La parroquia de Obona tiene poco más de doscientos habitantes. La aldea en sí, menos de cien. En una ladera de la montaña, bajo el perenne orvallo y vigilado por senequistas vacas siempre tumbadas que observan al visitante desde su irónica superioridad, conscientes de saber más que el recién llegado, se levanta este monasterio. Llegamos en hora diurna, aunque la luz solar allí tiende a ser tímida aun en sus mejores días. Quien se acerque tras anochecer tendrá fácil acordarse del Monte de las Ánimas de Bécquer, si pertenece a una generación en que leer aún no era una actividad extraña.
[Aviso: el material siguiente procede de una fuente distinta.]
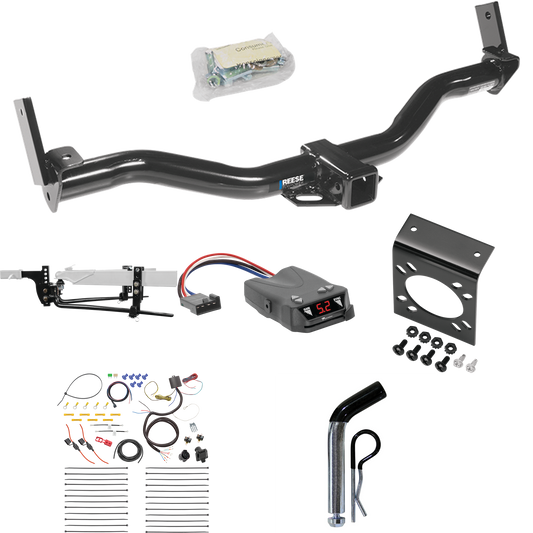 Fits 1997-2001 Mercury Mountaineer Trailer Hitch Tow PKG w/ 6K Round Bar Weight Distribution Hitch w/ 2-5/16" Ball + Pin/Clip + Tekonsha Brakeman IV Brake Control + 7-Way RV Wiring By Reese Towpower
Santa María la Real de Obona fue un importante centro benedictino en el siglo XII (para los que tengan dificultades, traduzco: hace unos novecientos años, la suma de los cumplidos por Joaquín y Navas y unos pocos más). Levantado presumiblemente donde ya antes, desde el siglo VIII, había habido una capilla en los tiempos de Aldegaster (no, este señor no jugaba al fútbol ni era gamer, era el hijo de Silo, rey astur, un poco anterior a la invención el teléfono móvil). Iglesia de estilo cisterciense del XIII, un Crucificado románico, un retablo barroco. En los documentos del monasterio se halla la primera referencia escrita a la sidra, que los campesinos podían pagar en vez de impuestos y que los monjes ofrecían a los peregrinos que en la ruta jacobea necesariamente pasaban por allí. Un claustro que sugiere reminiscencias toscanas, inacabado. Una fuente de agua buena que dio nombre al monasterio y que disfrutaba Benito Feijóo, fraile que escribió en 1726 su Defensa de mujeres. ¡Un hombre, y fraile, feminista antes que Zapatero, horror!
Monasterio abandonado y abierto, iglesia cerrada. El visitante, infrecuente, deambula entre matojos, acompañado de soledad, siglos y sombras de reyes, rumiando la desgracia de un gran país que desprecia cuanto ignora, permite la ruina de sus glorias y abandona sus raíces en pos de una cerveza, de una paga, de nada.